The government has rejected EU plans to harmonise the laws governing consumer contracts and had rejected the very basis of reform, which is that the existence of 27 different member state laws is hampering trade.
"The UK considers there is no reliable evidence available to show that the current arrangements under discussion here, and in particular the current divergence of national laws of contract, cause a problem that affects the proper functioning of the internal market," said the government's response (seven-page/69KB PDF) to an EU consultation on changing the law.
The European Commission has said that cross-border trade in the EU is limited because of the different contract laws governing sales to consumers. It has outlined seven options for change, ranging from non-binding recommendations to a central overhaul of the law that would supercede national laws.
In its response to the European Commission's consultation, though, it said that only two of the non-binding proposals should be adopted: the provision of model contracts that businesses could use; and the creation of a "toolbox" which national legislators could use when revising contract law.
"The UK considers there is no demonstrable need established for any of the options beyond [two limited options]," it said. "None of the other options are considered necessary or proportionate given the lack of evidence of need and the difficulties associated with each of those options. Indeed, the lack of demonstrable need for any of these options gives rise to serious doubts about the EU’s competence under the Treaty to pursue any of them."
The European Commission favours the creation of a new, separate '28th'* system of contract law. But the UK government said that this would be an unnecessary step.
"That position, if it is accurate, seems premature given the paucity of evidence of a problem and the lack of any clarity or detail as to what substance such a regulation might actually contain," said the government's response.
The government said that the European Commission had not shown that there was any problem in EU commerce that would be fixed by closer harmonisation of consumer contract law. It said that it had asked in its own call for evidence for the view of business on that question.
"It was the view of the majority of respondents that there was no compelling evidence of a problem or of a need for any of the legislative options in the Green Paper," it said. "On the contrary, there is evidence that points to the market operating very effectively indeed.

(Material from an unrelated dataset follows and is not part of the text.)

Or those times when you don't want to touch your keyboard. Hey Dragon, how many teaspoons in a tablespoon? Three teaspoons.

This is an area of law where party autonomy is well established and parties to contracts have and do commonly exercise a choice of the most appropriate law for their own circumstances in their commercial transactions."
The UK government said that its research had found that businesses considered currency, tax, shipping and language issues to be far more important ones when considering cross-border trade than differences in consumer contract law.

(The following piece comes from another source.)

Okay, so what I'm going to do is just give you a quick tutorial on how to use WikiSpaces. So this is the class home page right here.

The government said that businesses had told it that the "option 4" solution of a 28th regime was unlikely to solve any problem that did exist.
"A number of our consultees noted during meetings arranged at the Ministry of Justice that, given the impetus for action is supposed problems arising as a result of the multiplicity and divergence of law, providing yet another, different, law is counterintuitive and bizarre," said the government response. "It has not been established that the new law would be in any way superior to long-established national laws or that providing such a law would deliver any greater benefit than at present."

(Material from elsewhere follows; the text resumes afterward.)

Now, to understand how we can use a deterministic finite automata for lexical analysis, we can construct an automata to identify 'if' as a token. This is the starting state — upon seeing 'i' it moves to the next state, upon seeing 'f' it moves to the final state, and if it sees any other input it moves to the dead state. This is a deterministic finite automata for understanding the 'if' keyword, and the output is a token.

The response continued: "It may be difficult to quantify but it is clear that a [29th regime] of contract law would 'belong to no one in particular' and would not reflect any particular legal or cultural heritage. Indeed a fundamental first question for the authors of such an instrument might be whether to base it more on the common law perspective, which is currently probably the most commercially attractive approach, or the civil law position, which may be more familiar to EU citizens, The 'Esperanto' approach must at least raise the possibility that it will feel comfortable and familiar to no one and consequently will be rarely used."
An MEP's report for the European Parliament last week backed the Commission's '28th regime' plan, claiming that small- and medium-sized companies would benefit from the clarity that such a law would bring.
* While OUT-LAW.COM has referred to the 28th regime, the UK government’s response called the proposed new contractual framework the "29th regime", taking account of the fact that the existence of Scottish law means that there are 28 legal regimes in the EU’s 27 countries.
OUT-LAW.COM has called the new framework the 28th regime since the European Commission gave it that name a year ago. We will continue to do so both for the sake of consistency and because we think that this term is less confusing and helps to make clear an already complicated concept.